▶ What to do
Copy the data below exactly. Any pictures in it should be omitted.

(Dataset section Opens)

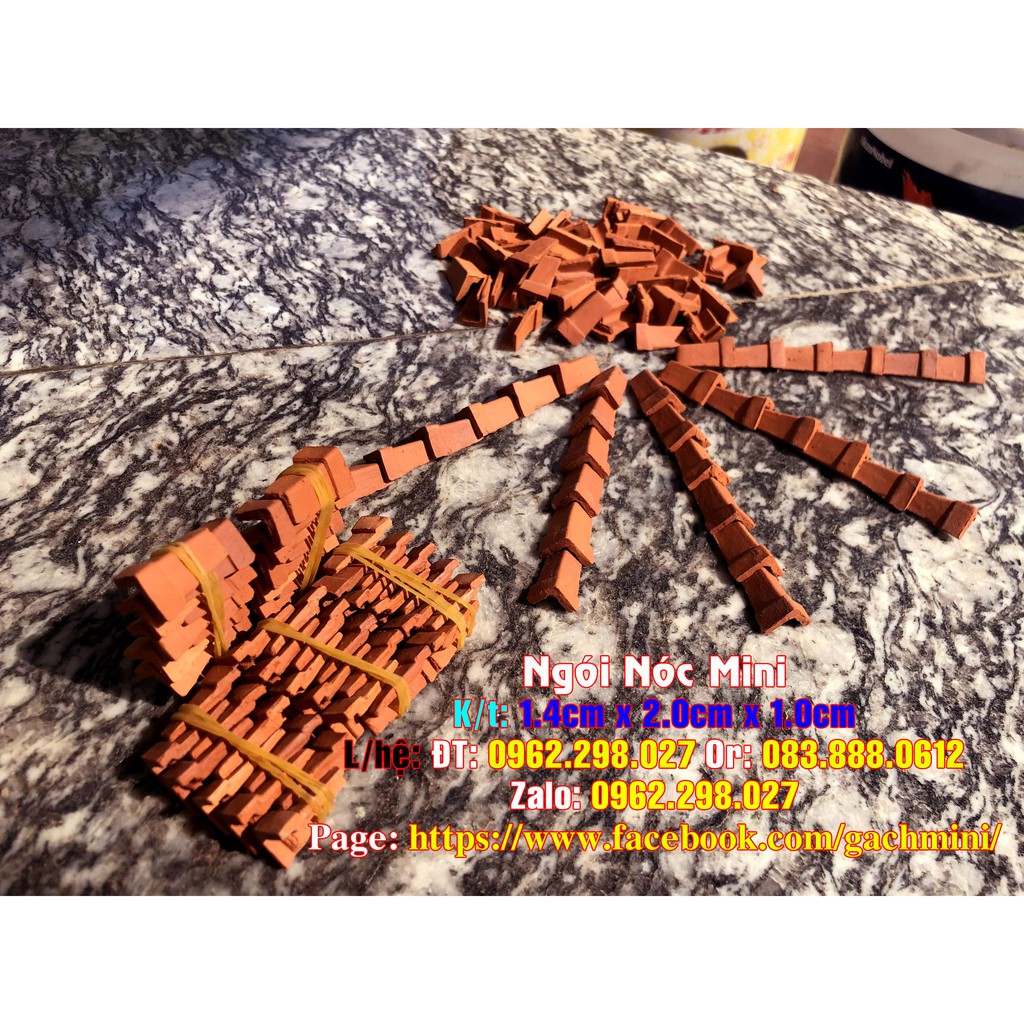 Gạch Mini, Ngói nóc Mini , xây nhà mini, mô hình tiểu cảnh, trang trí sân vườn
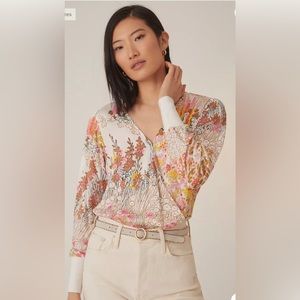 Anthropologie Tiny Callie Floral Top
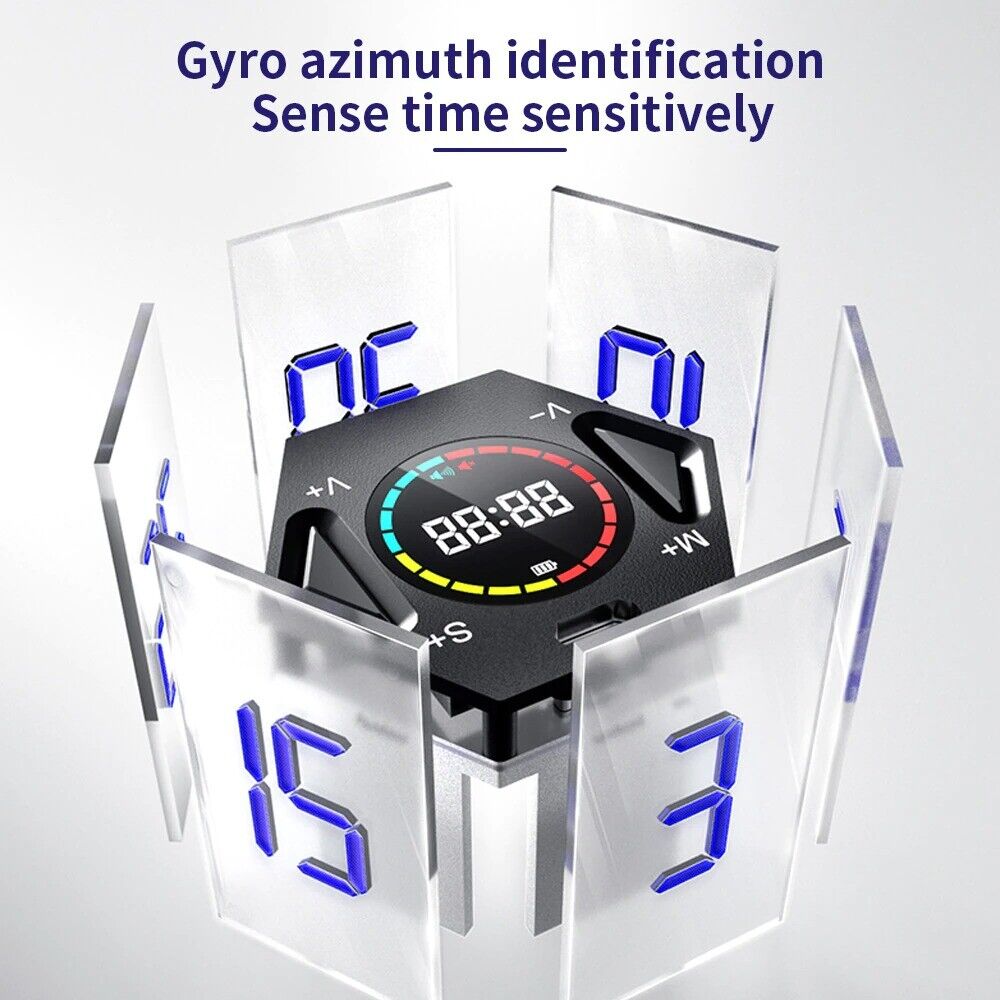 Modern LCD Digital Timer Visual Kitchen Timer for Teachers, Flip Cube Timer for Cooking, Work, Studying, Workout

(Dataset section Closes)

▶ Solution to the problem
 Gạch Mini, Ngói nóc Mini , xây nhà mini, mô hình tiểu cảnh, trang trí sân vườn
 Anthropologie Tiny Callie Floral Top
 Modern LCD Digital Timer Visual Kitchen Timer for Teachers, Flip Cube Timer for Cooking, Work, Studying, Workout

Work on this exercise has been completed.